Come mi sta succedendo?

Noi dovremmo andare, ma...

Dove...?

Ian continua a fissarmi senza proferire parola. Non so come comportarmi. Non so nemmeno cosa stia accadendo e perché.

So solamente che Ian è reale, il suo corpo irradia calore e il suo profumo mi impedisce di pensare.

《Dovremmo andare...》mormora lui, ponendo fine a questa... cosa.

Di scatto mi scosto da lui e gli volto le spalle: ho le guance bollenti, segno che sto arrossendo.

Liv. Sei. Una. Stupida.

《Sì... Giusto... Andiamo...》bofonchio, mettendomi in marcia, diretta nelle profondità del serraglio.

Qualche attimo dopo odo i passi lenti di Ian seguirmi, ma lui rimane in silenzio. E, in silenzio, giungiamo alla porta di quello strano zoo improvvisato.

Sono felice di constatare che alcune gabbie sono vuote e spero che Ian abbia ragione e che gli uomini della signora Smith riescano a riportare a casa quelle povere bestie che non meritano una vita dietro le sbarre.

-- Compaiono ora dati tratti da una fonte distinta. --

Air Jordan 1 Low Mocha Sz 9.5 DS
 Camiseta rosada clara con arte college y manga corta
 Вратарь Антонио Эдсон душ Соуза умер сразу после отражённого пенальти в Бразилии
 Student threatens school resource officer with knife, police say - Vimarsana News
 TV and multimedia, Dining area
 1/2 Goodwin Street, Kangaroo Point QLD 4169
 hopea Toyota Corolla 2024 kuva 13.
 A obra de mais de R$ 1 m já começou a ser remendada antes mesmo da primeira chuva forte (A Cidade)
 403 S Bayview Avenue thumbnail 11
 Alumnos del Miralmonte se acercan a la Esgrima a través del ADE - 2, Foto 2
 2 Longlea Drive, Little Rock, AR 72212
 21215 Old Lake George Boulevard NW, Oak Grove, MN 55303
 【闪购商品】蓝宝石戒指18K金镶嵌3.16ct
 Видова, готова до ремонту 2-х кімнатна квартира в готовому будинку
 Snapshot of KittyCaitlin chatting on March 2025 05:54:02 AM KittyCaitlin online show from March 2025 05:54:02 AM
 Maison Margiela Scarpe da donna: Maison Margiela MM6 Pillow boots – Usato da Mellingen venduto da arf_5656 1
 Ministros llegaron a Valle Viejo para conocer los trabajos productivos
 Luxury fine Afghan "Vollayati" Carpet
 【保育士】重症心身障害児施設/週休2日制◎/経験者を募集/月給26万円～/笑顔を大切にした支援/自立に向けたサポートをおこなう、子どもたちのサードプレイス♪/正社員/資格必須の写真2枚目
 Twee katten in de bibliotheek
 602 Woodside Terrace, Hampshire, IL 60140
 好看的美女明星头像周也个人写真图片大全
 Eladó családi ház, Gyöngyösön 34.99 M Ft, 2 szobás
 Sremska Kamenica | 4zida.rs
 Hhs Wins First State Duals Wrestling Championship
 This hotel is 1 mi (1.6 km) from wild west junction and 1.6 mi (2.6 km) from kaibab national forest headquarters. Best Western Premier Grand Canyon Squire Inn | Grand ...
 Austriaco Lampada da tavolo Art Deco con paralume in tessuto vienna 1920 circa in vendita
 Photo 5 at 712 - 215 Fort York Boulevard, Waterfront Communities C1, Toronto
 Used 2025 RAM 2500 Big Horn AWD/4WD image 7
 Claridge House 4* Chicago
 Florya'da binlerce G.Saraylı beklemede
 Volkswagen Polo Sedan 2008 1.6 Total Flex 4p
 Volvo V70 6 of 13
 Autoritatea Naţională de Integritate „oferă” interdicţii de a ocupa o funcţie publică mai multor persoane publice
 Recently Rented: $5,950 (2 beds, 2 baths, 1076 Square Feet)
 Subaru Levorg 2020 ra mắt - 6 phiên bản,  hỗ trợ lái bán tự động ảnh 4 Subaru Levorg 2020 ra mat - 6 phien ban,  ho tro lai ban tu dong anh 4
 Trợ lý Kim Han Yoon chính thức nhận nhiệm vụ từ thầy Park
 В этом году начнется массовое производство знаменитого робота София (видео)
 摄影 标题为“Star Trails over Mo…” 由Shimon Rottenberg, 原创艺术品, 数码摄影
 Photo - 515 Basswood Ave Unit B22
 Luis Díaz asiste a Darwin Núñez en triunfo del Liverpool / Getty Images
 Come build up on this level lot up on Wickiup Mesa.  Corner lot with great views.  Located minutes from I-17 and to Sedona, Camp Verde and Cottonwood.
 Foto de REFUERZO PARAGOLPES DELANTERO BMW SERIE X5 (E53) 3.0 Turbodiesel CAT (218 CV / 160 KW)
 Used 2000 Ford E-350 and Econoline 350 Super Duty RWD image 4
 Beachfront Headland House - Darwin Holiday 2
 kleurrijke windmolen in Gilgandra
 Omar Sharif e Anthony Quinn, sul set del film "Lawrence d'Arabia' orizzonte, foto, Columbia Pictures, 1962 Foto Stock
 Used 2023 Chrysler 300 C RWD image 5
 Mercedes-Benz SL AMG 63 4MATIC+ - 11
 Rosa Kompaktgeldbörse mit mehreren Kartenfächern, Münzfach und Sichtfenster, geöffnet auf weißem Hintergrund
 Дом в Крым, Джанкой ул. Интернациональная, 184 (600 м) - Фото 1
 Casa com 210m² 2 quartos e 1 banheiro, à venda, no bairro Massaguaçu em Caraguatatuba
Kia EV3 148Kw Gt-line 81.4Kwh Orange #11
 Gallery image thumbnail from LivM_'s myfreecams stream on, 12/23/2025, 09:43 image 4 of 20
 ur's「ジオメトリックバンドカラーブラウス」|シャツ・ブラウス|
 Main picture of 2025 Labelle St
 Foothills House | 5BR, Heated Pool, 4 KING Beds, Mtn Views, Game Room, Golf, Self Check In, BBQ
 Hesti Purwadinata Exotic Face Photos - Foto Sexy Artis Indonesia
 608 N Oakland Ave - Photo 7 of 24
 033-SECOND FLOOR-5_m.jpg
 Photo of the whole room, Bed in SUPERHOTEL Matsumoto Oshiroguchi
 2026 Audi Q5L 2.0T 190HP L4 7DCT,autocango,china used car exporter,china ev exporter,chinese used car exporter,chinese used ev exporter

Mi sento un po' come loro in questo momento: anch'io sto aspettando qualcuno che mi indichi la giusta via da percorrere.

Mentre io mi perdo nuovamente nei miei pensieri, Ian apre la porta metallica, priva di qualsiasi orpello tecnologico, e stavolta mi precede.

Lo seguo, rimanendo in silenzio e continuando a guardarmi intorno, ma questa versione del Centro è quasi più anonima della mia.

Percorriamo un labirintico corridoio dalle ovvie pareti bianche, intervallate qualche volta da rettangoli di una tonalità più scura.

Porte dietro alle quali non ho alcuna voglia di sapere cosa si cela.

Le mie elucubrazioni mentali vengono interrotte da un lieve bussare.

Subito rivolgo la mia attenzione al mio accompagnatore e noto che siamo giunti ad una porta rossa, dotata di un grande cartello giallo dalla scritta NON DISTURBARE di colore viola acceso.

Quelle tinte unite così a casaccio, giusto per dare i brividi ai visitatori, non possono che portare al luogo in cui si trova Connor.

Un sorriso mi incurva le labbra e, senza aspettare una risposta affermativa, stringo la maniglia d'ottone in mano, l'abbasso e spalanco la porta, in barba all'avvertimento psichedelico.

Non ho la più pallida idea di ciò che troverò varcata la soglia, ma non ha alcuna importanza.

Voglio rivederlo.

So che non è il mio Connor, però, avverto lo strano bisogno di vederlo.

Ian non tenta di fermarmi, forse perché intuisce il mio desiderio, fatto sta che, praticamente, irrompo nella stanza con la forza di un uragano.

I miei occhi registrano milioni di particolari nello stesso istante.

Come prima cosa, la stanza non è una vera stanza: è ampia quanto un campo da calcio e ingombra di cose dall'aspetto bislacco e tecnologico. La luce è fioca, praticamente penombra, ma illumina abbastanza l'ambiente per farmi notare l'assenza di finestre e la presenza di due grate per il ricambio dell'aria.

In mezzo a quel caos, su una sedia nera, da ufficio, scorgo alcuni abiti dai colori improbabili e il mio sorriso si allarga a dismisura.

Proprio quando sto per gridare il suo nome, lo vedo e il resto del mondo scompare.